Aerogel has been used to make windows more energy-efficient for less than a decade. Sungwoo Yang believes he can make it better.
It was his confidence, a well-constructed PowerPoint presentation and easy-to-understand answers to questions that earned the Assistant Professor in the Department of Civil and Chemical Engineering at the University of Tennessee at Chattanooga (UTC), the first-place finish in the second annual “Fly for Researchers Pitch Competition.” By winning, Yang will receive $20,000 to apply to research on what he calls Aerogel 2.0 – “the next generation of aerogel” – with the hope of eventually making it available on the commercial market.
Aerogel is a porous gel in which all the water has been removed, leaving a translucent, ultralight material that is very insulating and heat-resistant. It can be made from several chemical compounds; Yang’s is created from silica, the primary element in sand.
“The prize money for this competition will be mainly used for scaling up development,” he said. “Every step matters, so there’s room for us to play. There’s so many parameters we can play with.”
Yang bested four other teams of UTC faculty members and students who were given five minutes to present their research ideas, then eight more minutes to answer questions from a panel of three judges. The event was held on Wednesday afternoon in the UTC Center for Innovation and Entrepreneurship (CIE).
Previously a faculty member at the Massachusetts Institute of Technology, Yang worked on aerogel development there. “This new gel is made by the recipe that I developed at MIT, he said, adding that Aerogel 2.0 would provide more thermal insulation at a lower cost than the current version of aerogel – $1 per square foot instead of $3 per square foot.
Aerogel 2.0 will come in flexible sheets that can be cut easily to fit different sizes of windowpanes, he said, and its adhesive will be strong enough to hold it in place, but not so sticky it will be difficult to remove.
“What I’m thinking is you, as a customer, go to Home Depot, you buy this product, put it in the trunk and come back home,” Yang said. “With the knife you cut it, then you apply it to the adhesive or maybe it has a magnetic system. It’s easy to apply.”
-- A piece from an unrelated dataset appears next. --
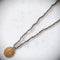 Turtle Shell Necklace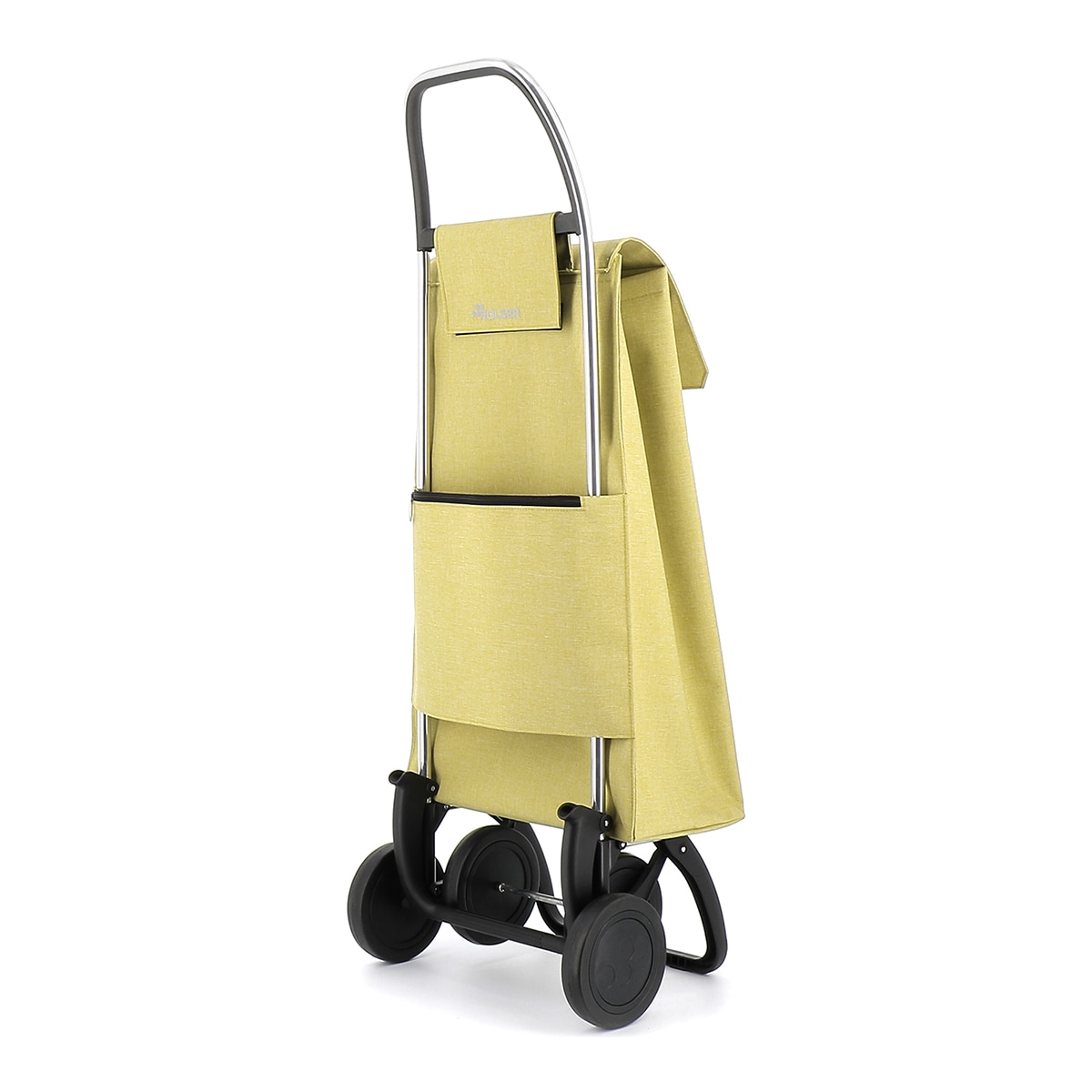 Trolley de Compras Akanto Tweed Dos+2 Lima-5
While Aerogel 2.0 is his focus now. “I’m already thinking about Aerogel 3.0,” Yang said.
Second place and $10,000 in the competition went to SolarEagle, a drone-based artificial intelligence system that will detect and assess damaged solar panels—cracks, corrosion, thick layers of dust, for example—to ensure performance and longevity. Manual labor will not be needed, said team leader Abdul Ofoli, UC Foundation Associate Professor of Electrical Engineering who joined with colleague Vahid Disfani, an Assistant Professor of Electrical Engineering.
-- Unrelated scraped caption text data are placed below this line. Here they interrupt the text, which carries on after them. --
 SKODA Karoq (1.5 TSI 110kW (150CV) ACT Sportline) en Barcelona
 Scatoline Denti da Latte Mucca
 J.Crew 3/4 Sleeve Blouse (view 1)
Third place and $5,000 went to a team headed by Erkan Kaplanoglu, Associate Professor in the Department of Engineering Management and Technology, which is developing PactBB, a machine-operated platform that measures the muscular control of patients with balance and mobility problems due to chronic low back pain. Data from the platform can be used to treat the physical issues.
Along with Kaplanoglu, the rest of the team included Max Jordon, Assistant Professor of Physical Therapy; Lynette Carlson, Assistant Professor and Athletic Training Clinical Education Coordinator; Jeremy Bruce, Orthopedic Surgeon at Erlanger Hospital; and Ahad Nasab, Professor and Head of the Department of Engineering Management and Technology.
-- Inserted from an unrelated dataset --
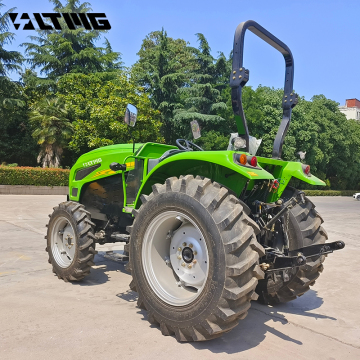Tractores agrícolas mini 4x4 4x2 - 12hp a 30 hp para la agricultura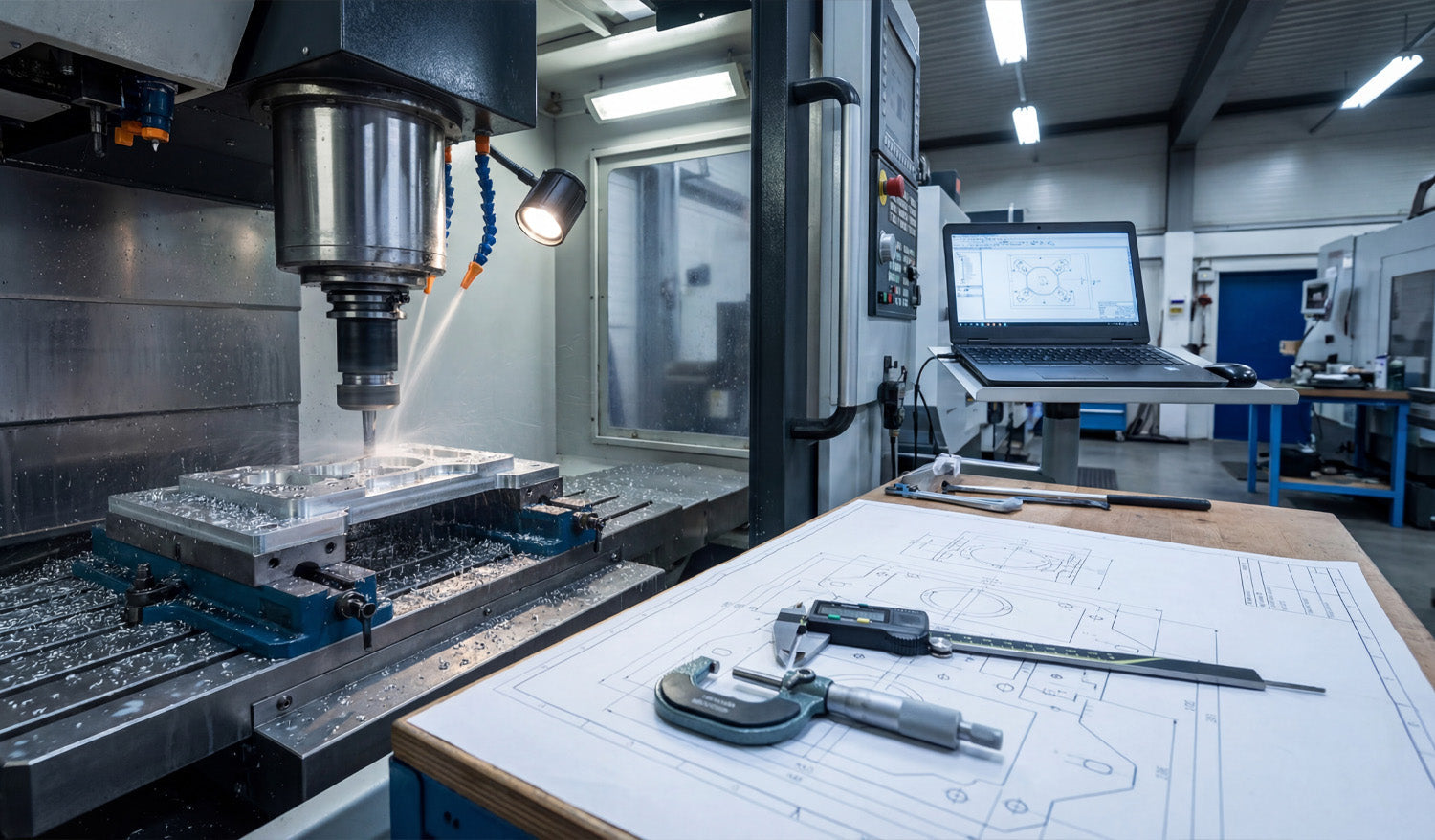 Precision Manufacturing: The Link Between Clean DXFs and Accurate Parts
The winners are pictured above and are (left to right): Carlson, Jordan, Kaplanoglu, Ofoli, Disfani and Yang.
The three monetary prizes were funded by the UT System and the Office of the Vice Chancellor for Research.
In addition to the main Fly for Researchers Pitch Competition, audience members voted for their choice as the best project, with the winner receiving $2,000. Aerogel placed first in that competition, too.
The Audience Choice award was funded by the Clarence E. Harris Chair of Excellence in Entrepreneurship in the Gary W. Rollins College of Business and LaunchTN.
Judges were Rebekah Sharpe, Founding Partner of Transparency Health, a venture capital company; Kristina Montague, Managing Partner of The JumpFund, an all-woman investing firm; and Tasia Malakasis, Chief Executive Officer of CO.LAB.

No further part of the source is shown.